Medida provisória destina R$ 10 bilhões ao subsídio do diesel e poderá manter benefício até 31 de dezembro de 2026
A Câmara dos Deputados aprovou a Medida Provisória (MP) 1.344/2026, que abre crédito extraordinário de R$ 10 bilhões no Orçamento da União para subsidiar o preço do óleo diesel. O recurso permite manter um desconto de R$ 0,32 por litro do combustível, utilizado principalmente pelos setores de transporte rodoviário de passageiros e de cargas.
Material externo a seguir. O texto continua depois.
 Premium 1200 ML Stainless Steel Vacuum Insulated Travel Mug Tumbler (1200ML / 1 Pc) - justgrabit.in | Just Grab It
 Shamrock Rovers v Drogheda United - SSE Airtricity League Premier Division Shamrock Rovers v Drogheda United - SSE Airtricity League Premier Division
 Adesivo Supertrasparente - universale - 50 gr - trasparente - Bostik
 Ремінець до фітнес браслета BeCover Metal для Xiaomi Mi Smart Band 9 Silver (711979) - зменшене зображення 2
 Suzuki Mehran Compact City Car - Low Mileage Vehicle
O desconto entrou em vigor com a publicação da medida provisória, em abril deste ano. No entanto, como toda MP possui vigência inicial de 60 dias, prorrogável por igual período, sua continuidade dependia da aprovação pelo Congresso Nacional.
Com o aval da Câmara, o texto será encaminhado ao Senado Federal. Se também for aprovado pelos senadores, o subsídio poderá ser mantido até 31 de dezembro de 2026 ou até o esgotamento dos recursos previstos de R$ 10 bilhões.
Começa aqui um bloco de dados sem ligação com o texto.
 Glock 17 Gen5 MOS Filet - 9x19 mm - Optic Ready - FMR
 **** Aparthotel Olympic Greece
Subsídio beneficia principal combustível do transporte rodoviário
O óleo diesel é o principal combustível utilizado por ônibus e caminhões em operação no país. A manutenção do subsídio tem impacto direto sobre os custos do transporte rodoviário de passageiros e de cargas.
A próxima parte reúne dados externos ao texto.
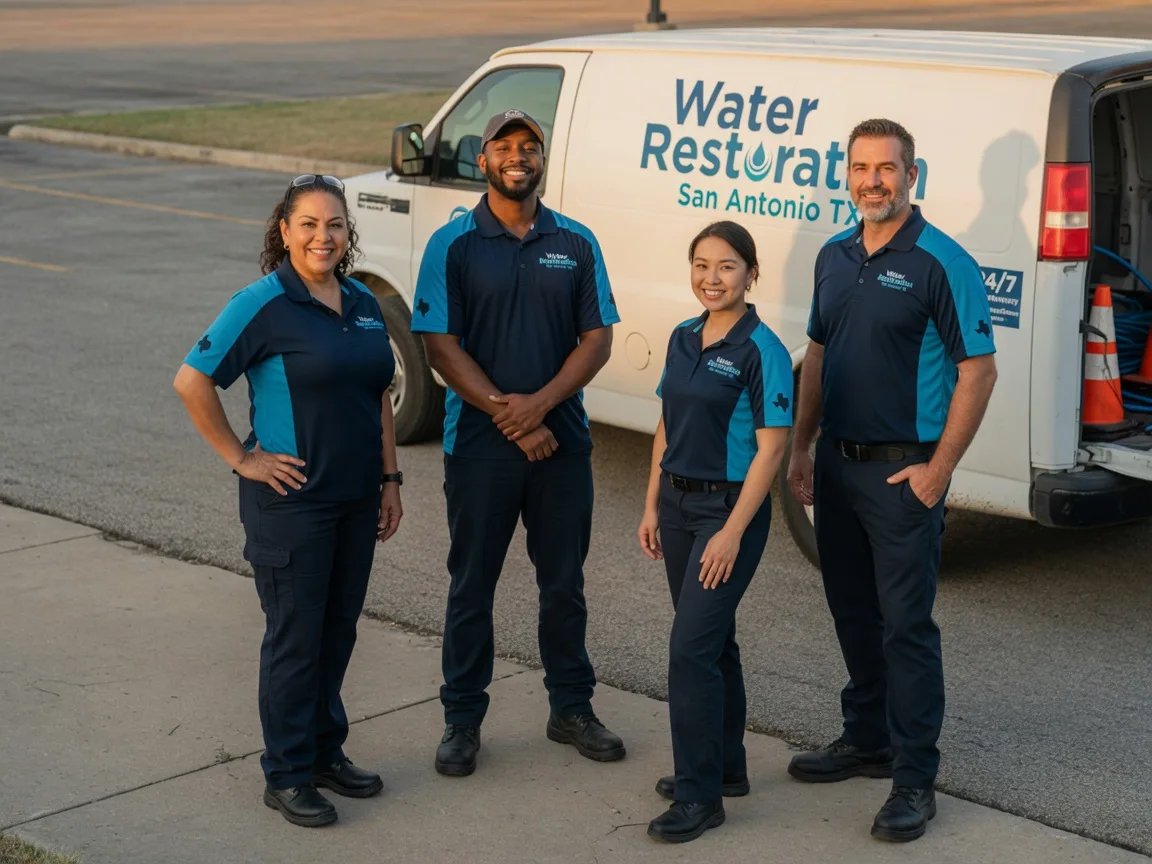 Water Damage Repair company in Battle Creek, IA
O crédito extraordinário autorizado pela MP busca garantir recursos para manter o desconto de R$ 0,32 por litro durante o período previsto na medida.
Caso o Senado aprove o texto sem alterações, o benefício continuará sendo aplicado dentro do limite financeiro estabelecido pelo Governo Federal.
Parte dos incentivos ao diesel foi encerrada em julho
A aprovação da medida ocorre após mudanças na política de subsídios aos combustíveis adotada pelo Governo Federal.
Em 1º de julho de 2026, deixou de ser aplicado o auxílio de R$ 0,35 por litro de diesel que havia sido criado para compensar o fim da desoneração dos tributos federais incidentes sobre o combustível.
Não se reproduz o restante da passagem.